Yes, you read that right: The person acting as judge took $3 million from the defendant’s deep-pocketed allies. Was it any wonder that only two Republicans in the Senate, where the lieutenant governor serves as president of the chamber, voted to convict?
And what, you might reasonably ask, does any of this have to do with the Bushes?
Last year, Paxton easily defeated a member of the clan, former land commissioner George P. Bush, who had challenged him in the GOP primary.
But that hardly merits a footnote in the political dynamic in Texas today. More significant is what the “Bush era” once represented. When George H.W. Bush moved his young family to the state to try his luck in the oil business, being a Republican was as much of a political liability as being a New England Yankee. With those two strikes against him, Bush the elder failed in both his bids for the U.S. Senate, in 1964 and 1970, though he managed to win a House seat in Houston twice.
Still, the state was changing. A wave of corporate relocations helped bring a growing market for business-oriented candidates who could speak to the moderate impulses of suburban voters. The first real sign of a big realignment in Texas came in 1978, when businessman Bill Clements was elected as the state’s first Republican governor since Reconstruction.
But it was George W. Bush, with a battle plan devised by strategist Karl Rove, who really closed the deal with his election to governor in 1994. Not once since then has a Democrat won any statewide office in Texas.
How Bush governed, working closely and cordially with top Democrats, including Lt. Gov. Bob Bullock and House Speaker Pete Laney, was a big part of his appeal. For a while, the state legislature remained a place where pragmatism could win out over partisanship — so long as the oil and banking interests were taken care of.
All of that effectively ended in 2012, when Ted Cruz, a former solicitor general who had been considered a long shot, rode the tea party wave and crushed then-Lt. Gov. David Dewhurst in the Republican U.S. Senate primary. From then on, the message to Texas Republicans was never to allow an opponent to get to their right. The years that followed saw the state turning sharply to the right on issues — most conspicuously immigration, for which Texans once had a live-and-let-live mentality.
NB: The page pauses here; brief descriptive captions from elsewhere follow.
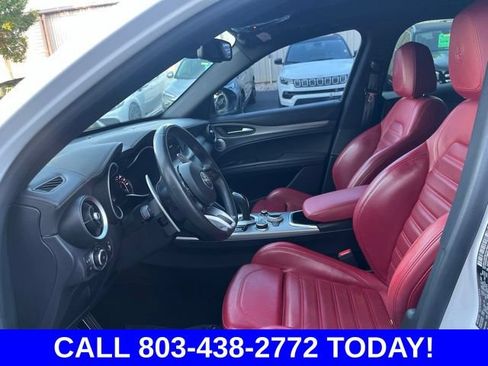 Used 2022 Alfa Romeo Stelvio Veloce AWD/4WD image 7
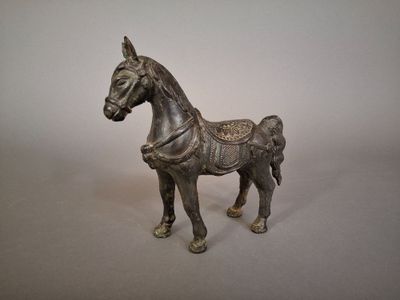 statue d'un cheval avec une selle sur le dos
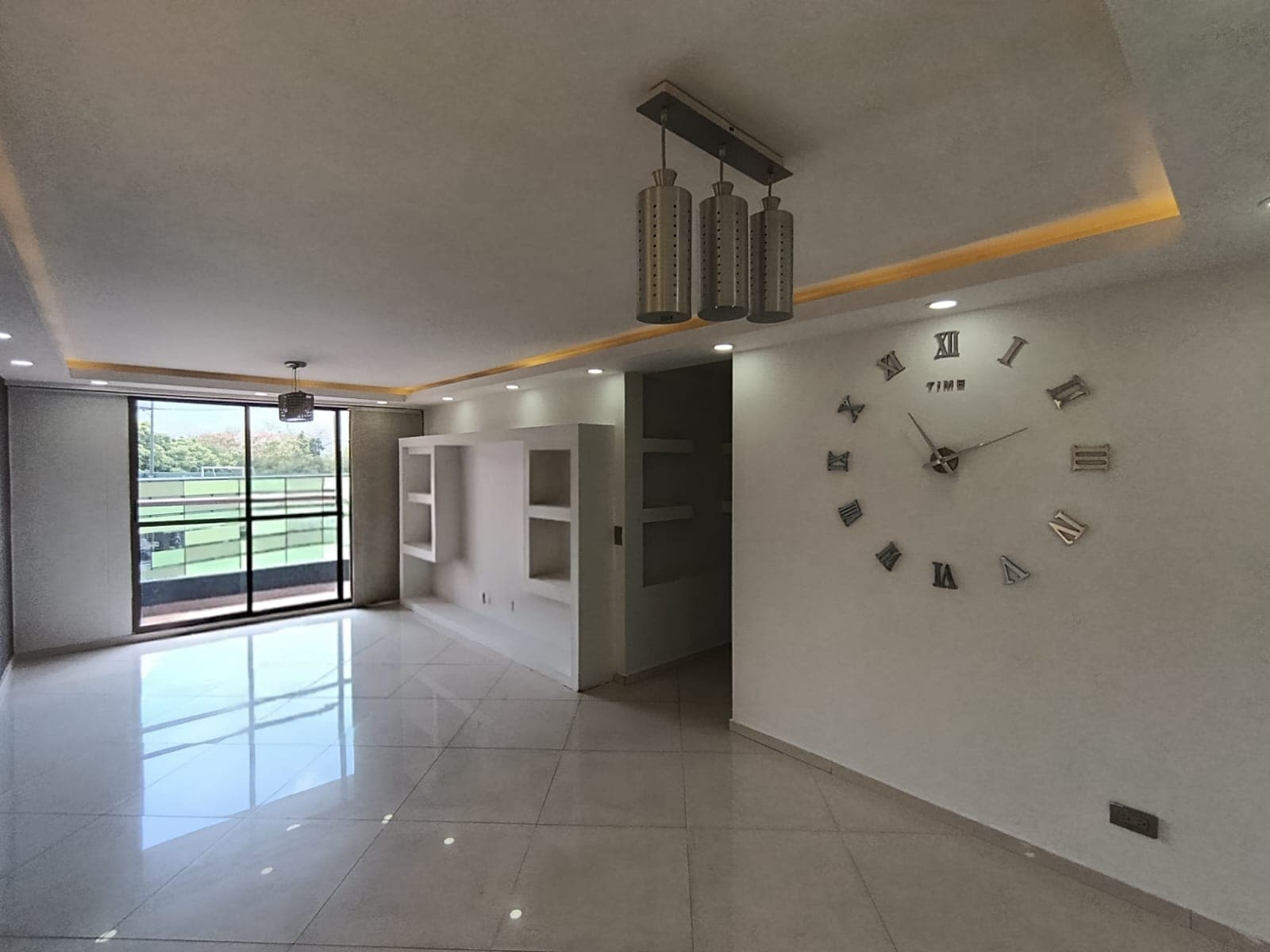 Apartamento en arriendo en Almería, La America, Medellín — foto 3 de 18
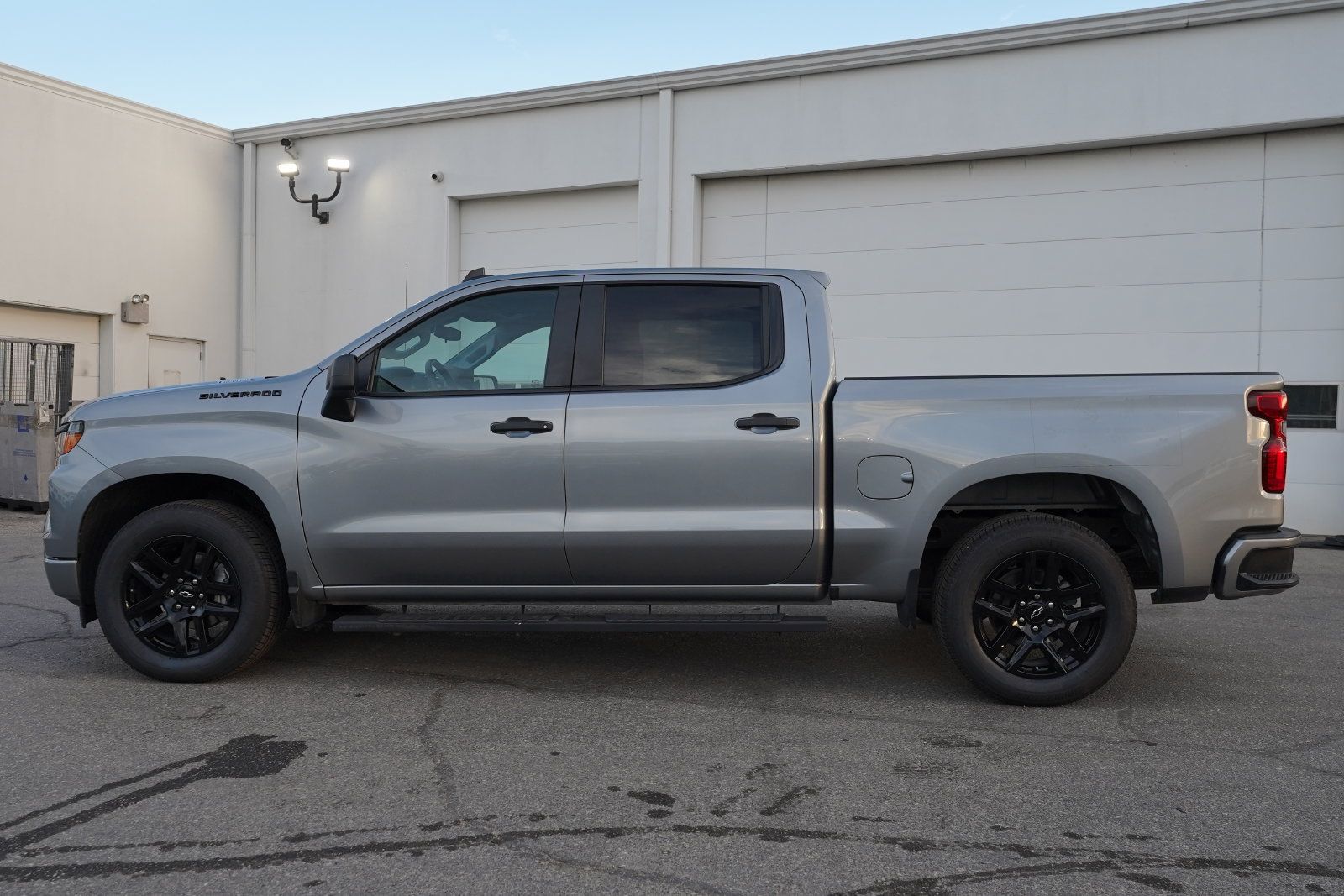 Used 2024 Chevrolet Silverado 1500 Custom w/ LPO, Dark Essentials Package RWD image 4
Paxton’s far-right forces are now promising all-out warfare on the Republican House members — starting with Speaker Dade Phelan — who tried to remove the attorney general from office. And with Paxton supporter Donald Trump likely to be at the top of the ticket next year, you’d have to give them excellent odds of prevailing.
But, as always, follow the money to see whether there is any pushback from what remains of the Republicans’ old guard. And whether Democrats have learned enough from their failures to start offering candidates more capable of appealing to a right-leaning electorate.
Texas has become an object lesson of what happens when one party becomes entrenched enough to operate solely on the basis of its own extremist impulses. As Texas Monthly noted last year, Republican primaries in the state are generally low-turnout affairs, which means that often just 3 percent of its citizens are calling the shots for everyone else.
Yes, the Republicans who run Texas are willing to stand on principle. Unfortunately, that principle is doing whatever it takes to cling to power.